I have never lived in modern high-rise apartment buildings.  I also never understood why they are so unsightly.  In Korea, the rate of redevelopment is astonishing. Seeking abandoned structures in Seoul, I came across countless houses with traditional rooftops being bulldozed to make way for new apartment buildings.  Many houses were still full of personal memorabilia like family photographs.  Residents had evacuated quickly as if a natural disaster were approaching.  These scenes reminded me that the sense of security offered by man-made shelters is fragile and fugitive.  The high-rise apartment buildings will some day meet the same fate of being evacuated and demolished. 

 

Demolition Zone, Geumho, Seoul, Korea

Before searching for demolition zones in Korea, I had a romantic idea that Seoul was full of Moon Villages.  Only a few months ago, I came to the realization that all of the neighborhoods that would be equivalent to Brazil’s favelas were already razed to the ground.  I found one narrow street in a largely demolished area with small houses so close together that the entryways to three different family homes were merely a couple feet apart. The neighbors must have been very close, since they would have heard everything happening in each other’s houses.  The way the streets and houses are formed in a settlement like this is beautiful because it shows how the community was naturally constructed over time, leaving no records in blueprints or architecture books. 

 

Demolition Zone, Aeogae, Seoul, Korea

Streets from my childhood often appear in my dreams.  I am usually lost without any sense of where I am.   Alas even in reality, the streets from my childhood in Seoul have changed beyond recognition.  The images of these streets are now only faint snapshots stored somewhere very deep in my psyche.  An alleyway I came across in a demolition zone struck me with an uncanny recognition although I had never been there before. 

 

Hangang Sewer, Seoul, Korea

As a child I had a morbid fear of deep water.  The Han River for me became synonymous with death, not only because it seemed so wide and bottomless but also because I was repeatedly told that the water was toxic.  Everything becomes exaggerated in a child’s mind.  I always imagined that I would instantly die if I fell into the river.  

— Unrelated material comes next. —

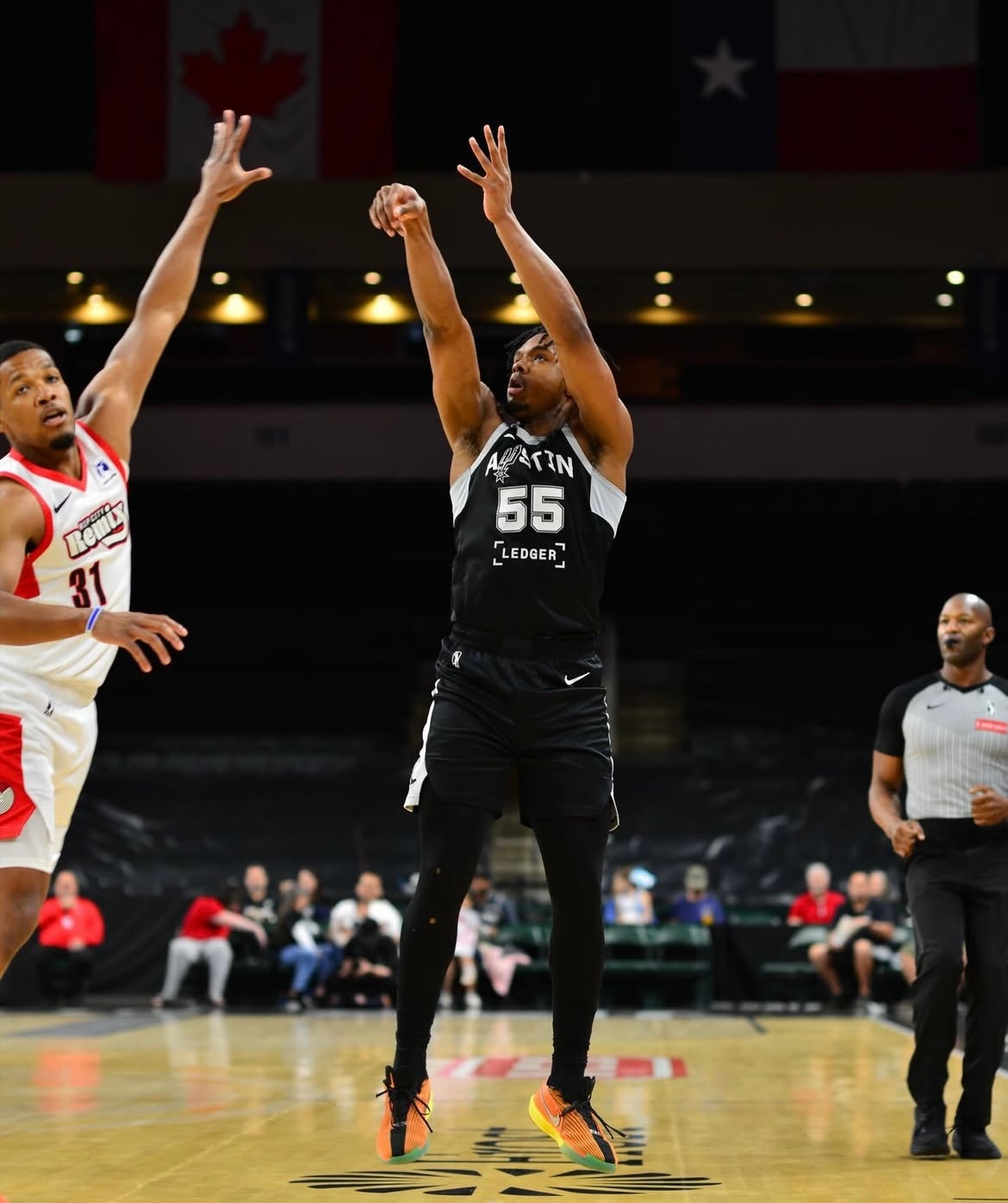 奥斯汀马刺今天主场99-93击败撕裂之城混音队，拿到三连胜🎉奥斯汀马刺（21-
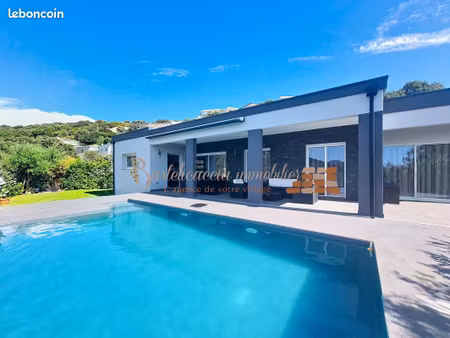 villa 4 pièces 100 m²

Recently, having discovered that the movie Gwoemul (dir. Bong Joon-ho) was filmed in an actual sewer under a bridge on the Han River, I sought out this monstrous space.    

The gaping mouth of the sewer reeked of carrion; many decaying carcasses of fish and birds were strewn about.  After spending hours inside the dark hollow, with only faint rays of light and echoing sounds of cars, I felt the space transform into a concrete temple, or a dead forest. 

 

River Tyburn, King's Scholars' Pond Sewer, London, UK

The Tyburn is one of the lost subterranean rivers of London.  Stretches were incorporated into the intercepting sewers that were built after The Great Stink of 1858.  The modernization of sewers between 1859 and 1865 required constructing 100 miles of tunnels using 300 million bricks.  The London sewerage system remains vastly undiscovered and unvisited to this day, except by a very few intrepid explorers.  The dangers include toxic gas and strong currents of waste matter.

 

Utility Tunnels, Columbia University, New York, NY, USA

When I was a student at Columbia University, I heard a fantastic rumor that under the campus there were secret tunnels that a group of students used to transport nuclear materials.  For some bizarre reason I imagined a band of footballers running around holding bombs in their chests.  Countless overnight stays inside the old Butler Library stacks with organic compound symbols, protein structures, and metaphysical jargon had depleted my sense of adventure, so I quickly dismissed the rumor and never gave it a second thought.  The vast majority of the students around me did not venture outside their comfort zones, and regrettably I was one of them. 

Two years after my graduation I learned that the rumor had some basis in truth.  At the Pupin Physics Laboratories, a team of scientists split the nuclei of uranium atoms in 1939, which then played a major role in initiating the Manhattan Project, and the subsequent production of atomic bombs.  From its decommissioning in 1965 until its dismantling in 2008, the 65-ton magnet of the cyclotron, a particle accelerator, was sitting in Pupin’s basement, which could be accessed only through the utility tunnels.  In 1987, a student who led an underground tunneling group got expelled for stealing uranium-238 from a forgotten storage room connected to the tunnel system.  He later became a journalist mistakenly captured by Afghanistan’s Taliban government. 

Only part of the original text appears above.